START SOURCE DATA

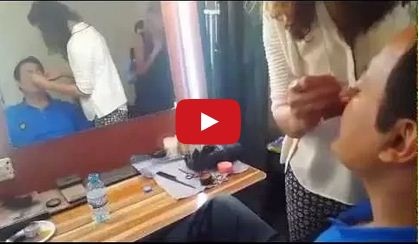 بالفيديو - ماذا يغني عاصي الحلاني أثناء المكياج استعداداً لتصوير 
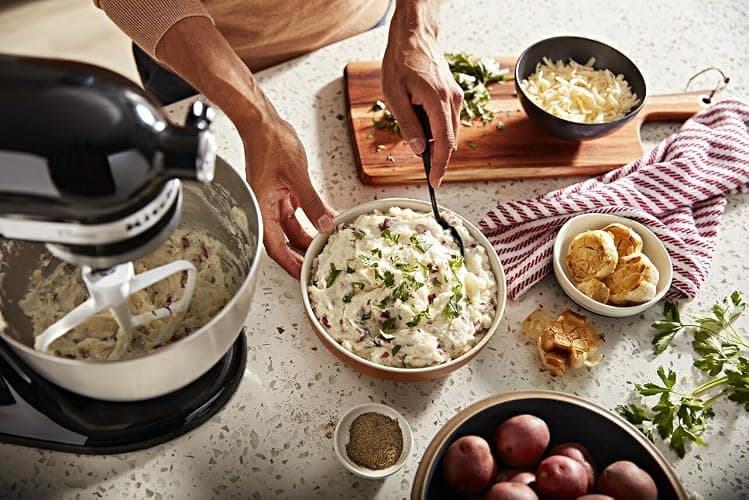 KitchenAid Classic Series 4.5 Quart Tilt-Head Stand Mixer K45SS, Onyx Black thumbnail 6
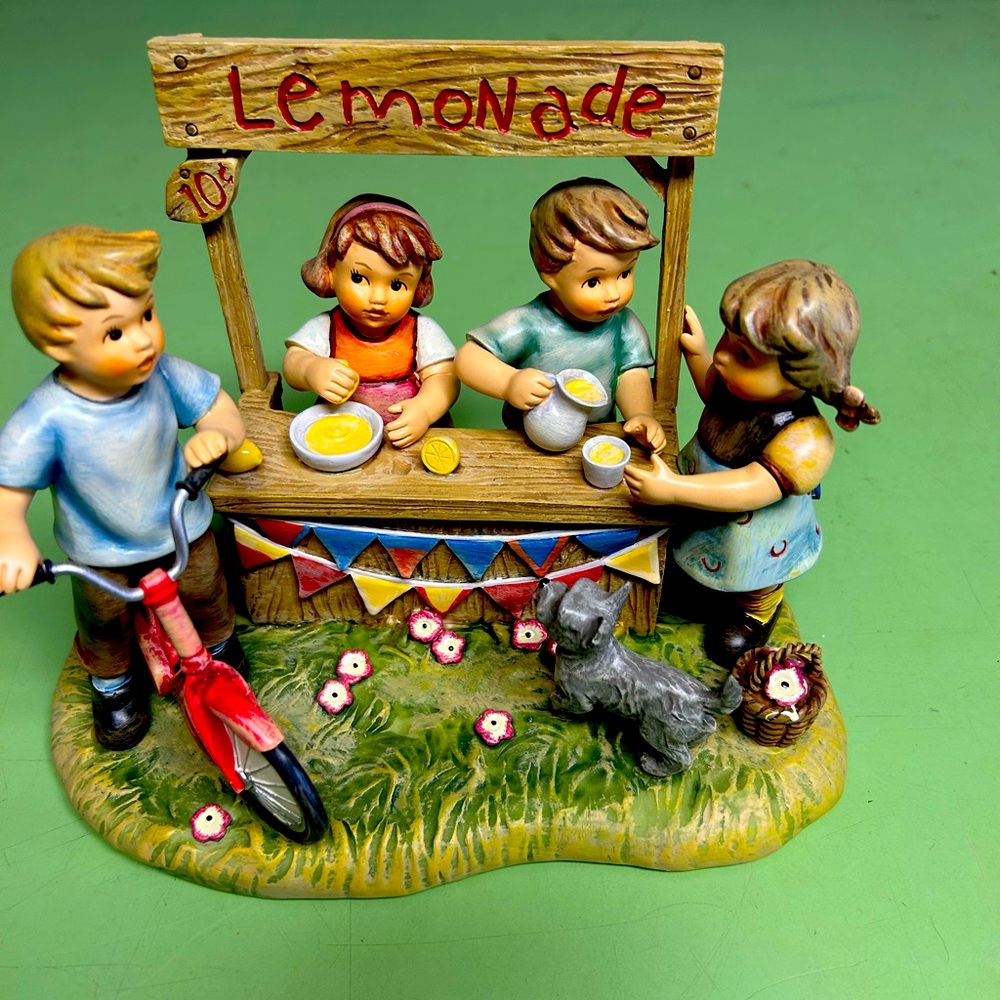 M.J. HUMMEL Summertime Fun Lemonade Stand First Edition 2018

END SOURCE DATA
START SOURCE DATA

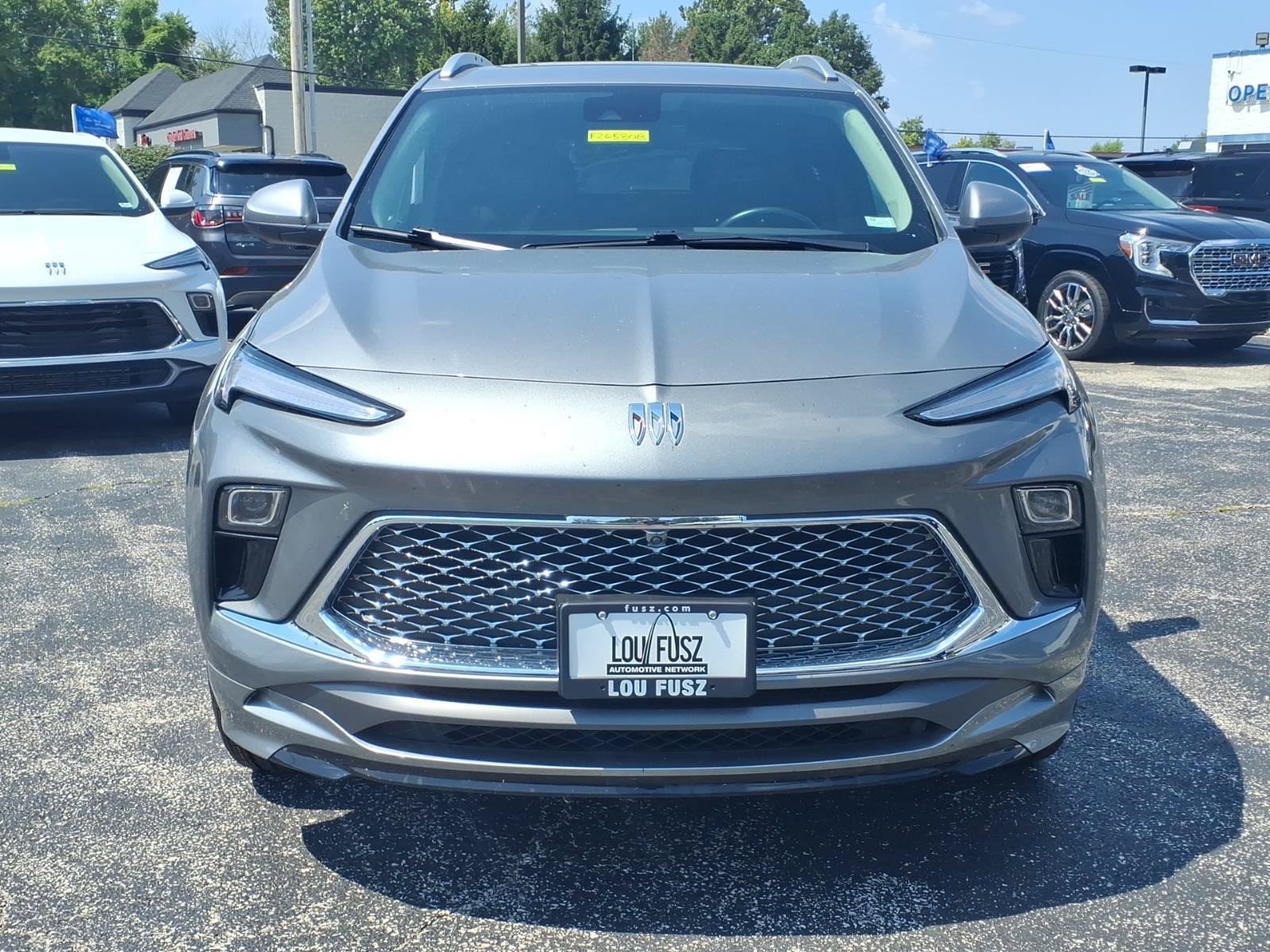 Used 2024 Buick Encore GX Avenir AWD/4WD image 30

END SOURCE DATA

Taking the entries above, extract every line from the one bearing "بالفيديو - ماذا" through the one bearing "M.J. HUMMEL Summertime", exactly, with no pictures.

• [FINISHED EXERCISE]
 بالفيديو - ماذا يغني عاصي الحلاني أثناء المكياج استعداداً لتصوير 
 KitchenAid Classic Series 4.5 Quart Tilt-Head Stand Mixer K45SS, Onyx Black thumbnail 6
 M.J. HUMMEL Summertime Fun Lemonade Stand First Edition 2018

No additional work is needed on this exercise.